═════ Data in this exercise ═════
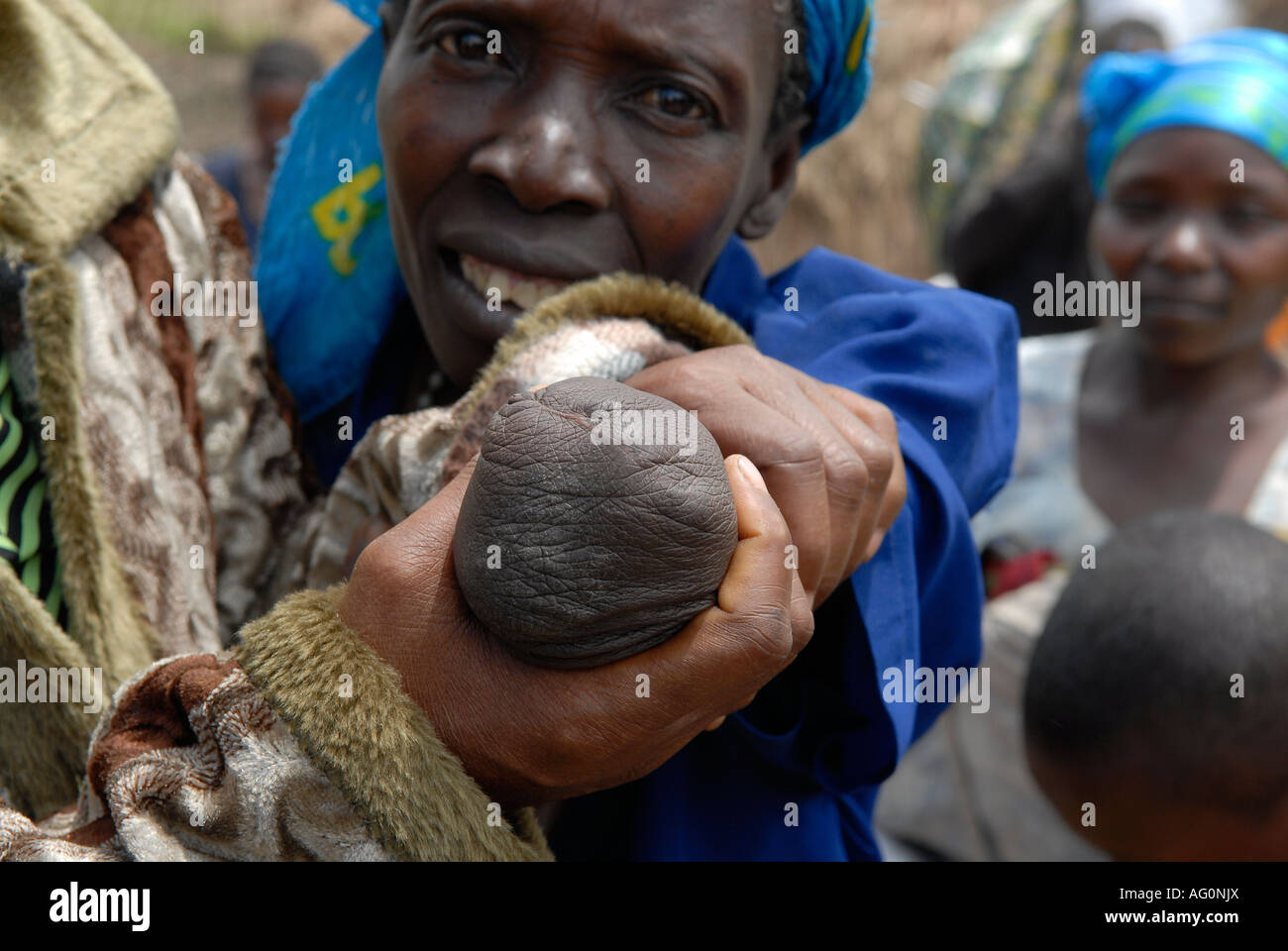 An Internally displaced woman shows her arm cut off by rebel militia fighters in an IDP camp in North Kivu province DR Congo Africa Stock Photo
═════
═════ Data in this exercise ═════
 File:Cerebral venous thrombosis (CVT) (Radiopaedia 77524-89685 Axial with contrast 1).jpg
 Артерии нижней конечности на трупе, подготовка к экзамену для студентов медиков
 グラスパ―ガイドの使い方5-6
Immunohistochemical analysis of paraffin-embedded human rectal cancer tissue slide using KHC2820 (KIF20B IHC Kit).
═════
Task brief:
Extract from the records above the lines from the one containing "Артерии нижней конечности" to the one containing "Immunohistochemical analysis of", both lines included, exactly as they appear and with nothing else.

Exercise response:
 Артерии нижней конечности на трупе, подготовка к экзамену для студентов медиков
 グラスパ―ガイドの使い方5-6
Immunohistochemical analysis of paraffin-embedded human rectal cancer tissue slide using KHC2820 (KIF20B IHC Kit).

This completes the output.